In the positive experience the company is working at its finest, continuing to evolve into the future of its ability and of its industry.

As a result, the workforce knows what it’s meant to do. There’s more ownership of work, and people are contributing as much as they can to their role, because they now know and understand the value of their own knowledge and the value of an organization that taps into that knowledge.

As a result, the organization thrives, innovates, and reshapes its industry. The culture is about moving forward, with all the available resources being tapped for its own evolution and expansion.

This is the positive experience because the majority of the organization is on the same page. (“Majority” because there will always be some issues, meaning the minority.) This does not mean the “same page” in terms of details, where everyone acts and executes in an identical manner but instead on the same page in that the culture has the common foundation and desire to move forward.

The Exhausting Experience

In the exhausting experience, the leader most likely has left the organization in shambles. This could mean it has deteriorated either financially, organizationally, or in morale, or any combination of the three. The organization is crippled in the here and now as well as for the future.

As a result, the workforce may be rudderless, morale broken and anxiety heightened. Because there was no vision supplanted into the collective mind of the organization, there is no future to work toward. Without a future to work toward, there can be no meaningful work today. And without meaningful work today, there can be no pride in the organization.

As a result, the organization is in dysfunction. If no leader wants to come on board, it is up to upper management to organize itself to pick up the pieces. If a new leader does come on board, it will take some time to get the organization back into fighting form.

This is the exhausting experience because of the toll the lack of encouragement, vision, and leadership has taken on – and cost — the organization. It is expending twice the energy now to recuperate operations and regenerate performance than it would have had it been lead and managed appropriately in the first place.

The Neutral Experience

In the neutral experience, the new leader comes in to an organization that is ready to move at the leader’s whim. It does not have its own culture, standards, or pride. It leaves all decisions to the leader. It is more reactive than proactive.
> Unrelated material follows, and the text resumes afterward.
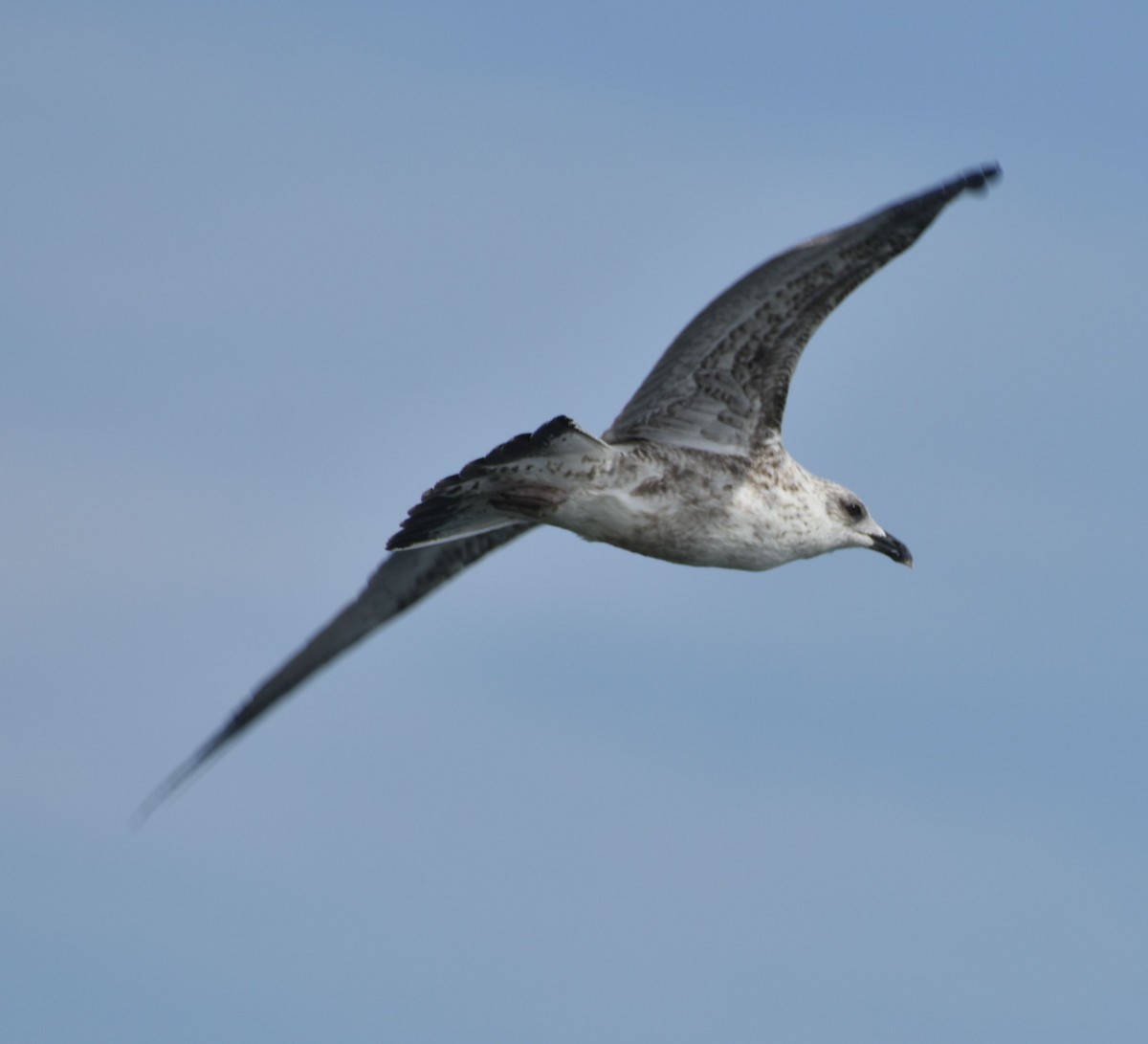 gull sp. - ML625288518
As a result, the workforce has done enough to get things done. The workforce has retained enough to maintain a semblance of organization and efficiency, without necessarily improving the work forward through innovation.

As a result, the organization has thrived but not to the best of its ability or potential. It has maintained its industry position and business operations, without being able to tackle, or even acknowledge, the best ideas of its culture. The culture is not broken, but it also isn’t emboldened to push forward.

This is the neutral experience because performance has neither stalled nor thrived. Just enough has been accomplished to get the organization by. It hasn’t had the crippling and deteriorating effects of the exhausting experience or the great developments and growth of the positive experience.

Leaders can’t just think about the here and now as they lead. They need to be aware of the footing upon which they leave an organization, group, or mission when they move on.

That’s the leader’s legacy, and it is also a gauge by which a leader is remembered and judged.

How much will the next leader have to pick up the pieces or start from scratch?

How will you focus on what you do for the future of your work, no matter where you sit in the hierarchy?

How is your environment better for you having been there, no matter the scale of the impact?

What will you leave in your leadership’s wake?